Your objective: Everything from the line with "Multicolor - 3pc" to the final line of the records should be reproduced word for word, with both of those lines kept.
**********
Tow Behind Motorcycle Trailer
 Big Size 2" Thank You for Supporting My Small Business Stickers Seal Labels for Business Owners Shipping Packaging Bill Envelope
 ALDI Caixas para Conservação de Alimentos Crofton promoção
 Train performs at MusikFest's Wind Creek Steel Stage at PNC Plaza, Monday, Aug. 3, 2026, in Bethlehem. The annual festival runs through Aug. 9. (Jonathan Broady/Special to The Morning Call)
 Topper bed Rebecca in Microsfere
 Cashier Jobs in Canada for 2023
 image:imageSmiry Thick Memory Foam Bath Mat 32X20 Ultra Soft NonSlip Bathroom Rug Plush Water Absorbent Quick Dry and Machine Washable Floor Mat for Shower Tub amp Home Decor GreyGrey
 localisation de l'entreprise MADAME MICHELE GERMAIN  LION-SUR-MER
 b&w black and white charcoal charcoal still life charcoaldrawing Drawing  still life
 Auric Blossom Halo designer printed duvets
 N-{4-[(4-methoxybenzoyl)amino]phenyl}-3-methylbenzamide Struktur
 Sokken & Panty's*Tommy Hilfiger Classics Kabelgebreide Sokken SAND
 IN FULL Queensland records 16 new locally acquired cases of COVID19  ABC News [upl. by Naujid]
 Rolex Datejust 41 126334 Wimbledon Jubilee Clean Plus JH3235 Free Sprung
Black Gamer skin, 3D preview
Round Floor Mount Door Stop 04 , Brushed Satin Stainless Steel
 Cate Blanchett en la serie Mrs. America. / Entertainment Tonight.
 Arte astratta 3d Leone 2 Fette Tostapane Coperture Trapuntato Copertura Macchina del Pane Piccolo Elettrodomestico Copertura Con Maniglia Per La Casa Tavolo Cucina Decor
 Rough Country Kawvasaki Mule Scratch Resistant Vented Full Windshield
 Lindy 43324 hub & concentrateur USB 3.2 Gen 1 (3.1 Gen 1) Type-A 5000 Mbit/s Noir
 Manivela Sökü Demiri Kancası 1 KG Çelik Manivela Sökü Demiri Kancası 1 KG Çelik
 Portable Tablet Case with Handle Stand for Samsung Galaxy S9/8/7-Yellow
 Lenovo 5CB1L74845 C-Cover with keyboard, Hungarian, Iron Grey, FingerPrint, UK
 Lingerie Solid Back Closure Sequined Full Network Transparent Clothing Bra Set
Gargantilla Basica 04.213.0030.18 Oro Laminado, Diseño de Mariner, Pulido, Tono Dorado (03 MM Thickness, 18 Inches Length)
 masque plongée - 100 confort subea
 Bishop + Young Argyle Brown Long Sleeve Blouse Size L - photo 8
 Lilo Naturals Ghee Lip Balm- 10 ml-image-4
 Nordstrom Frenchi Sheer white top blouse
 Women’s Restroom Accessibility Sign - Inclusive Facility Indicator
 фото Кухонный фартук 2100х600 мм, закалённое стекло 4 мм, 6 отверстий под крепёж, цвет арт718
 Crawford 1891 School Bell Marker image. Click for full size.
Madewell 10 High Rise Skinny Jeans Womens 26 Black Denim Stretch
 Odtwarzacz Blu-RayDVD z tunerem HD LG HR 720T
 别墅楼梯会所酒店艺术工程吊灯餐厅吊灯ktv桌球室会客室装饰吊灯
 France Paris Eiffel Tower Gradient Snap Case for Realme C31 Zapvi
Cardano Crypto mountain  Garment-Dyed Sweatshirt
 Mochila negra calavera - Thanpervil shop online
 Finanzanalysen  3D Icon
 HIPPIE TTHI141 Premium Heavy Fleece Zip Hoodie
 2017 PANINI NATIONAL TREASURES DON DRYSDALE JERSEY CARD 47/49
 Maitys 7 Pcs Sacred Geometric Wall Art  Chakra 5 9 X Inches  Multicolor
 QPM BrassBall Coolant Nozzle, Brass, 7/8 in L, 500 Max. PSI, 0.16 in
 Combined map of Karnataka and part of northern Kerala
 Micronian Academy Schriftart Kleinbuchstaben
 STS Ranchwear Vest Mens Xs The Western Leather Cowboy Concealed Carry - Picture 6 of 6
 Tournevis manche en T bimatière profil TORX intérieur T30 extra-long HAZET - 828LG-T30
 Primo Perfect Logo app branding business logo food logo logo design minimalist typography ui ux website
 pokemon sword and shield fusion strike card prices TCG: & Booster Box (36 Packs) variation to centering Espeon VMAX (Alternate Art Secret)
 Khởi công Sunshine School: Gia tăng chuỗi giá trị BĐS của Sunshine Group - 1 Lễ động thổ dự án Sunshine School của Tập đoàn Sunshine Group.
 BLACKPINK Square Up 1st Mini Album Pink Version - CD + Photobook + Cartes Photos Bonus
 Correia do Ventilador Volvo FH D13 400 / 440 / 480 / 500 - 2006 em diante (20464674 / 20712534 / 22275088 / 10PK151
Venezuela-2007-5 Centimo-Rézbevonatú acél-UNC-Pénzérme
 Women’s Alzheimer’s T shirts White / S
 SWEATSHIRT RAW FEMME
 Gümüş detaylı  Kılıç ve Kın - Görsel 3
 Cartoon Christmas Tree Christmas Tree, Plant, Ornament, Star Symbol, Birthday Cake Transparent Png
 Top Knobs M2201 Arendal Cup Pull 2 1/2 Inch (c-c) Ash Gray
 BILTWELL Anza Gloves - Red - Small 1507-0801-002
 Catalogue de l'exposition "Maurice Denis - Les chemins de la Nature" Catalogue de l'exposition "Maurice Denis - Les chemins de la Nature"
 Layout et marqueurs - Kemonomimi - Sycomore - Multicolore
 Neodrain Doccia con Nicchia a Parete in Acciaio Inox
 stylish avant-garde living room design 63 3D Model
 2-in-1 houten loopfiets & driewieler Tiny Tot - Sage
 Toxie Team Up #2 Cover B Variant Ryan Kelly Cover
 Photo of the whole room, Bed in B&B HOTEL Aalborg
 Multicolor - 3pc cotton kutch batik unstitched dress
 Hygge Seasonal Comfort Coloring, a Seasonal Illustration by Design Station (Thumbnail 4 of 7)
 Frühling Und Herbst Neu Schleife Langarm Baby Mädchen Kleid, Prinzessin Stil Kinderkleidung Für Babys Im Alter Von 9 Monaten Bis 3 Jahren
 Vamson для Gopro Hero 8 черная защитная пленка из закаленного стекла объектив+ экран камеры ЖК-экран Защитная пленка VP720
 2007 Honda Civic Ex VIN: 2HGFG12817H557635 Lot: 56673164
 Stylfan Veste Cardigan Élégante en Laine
**********
Solution to the problem:
 Multicolor - 3pc cotton kutch batik unstitched dress
 Hygge Seasonal Comfort Coloring, a Seasonal Illustration by Design Station (Thumbnail 4 of 7)
 Frühling Und Herbst Neu Schleife Langarm Baby Mädchen Kleid, Prinzessin Stil Kinderkleidung Für Babys Im Alter Von 9 Monaten Bis 3 Jahren
 Vamson для Gopro Hero 8 черная защитная пленка из закаленного стекла объектив+ экран камеры ЖК-экран Защитная пленка VP720
 2007 Honda Civic Ex VIN: 2HGFG12817H557635 Lot: 56673164
 Stylfan Veste Cardigan Élégante en Laine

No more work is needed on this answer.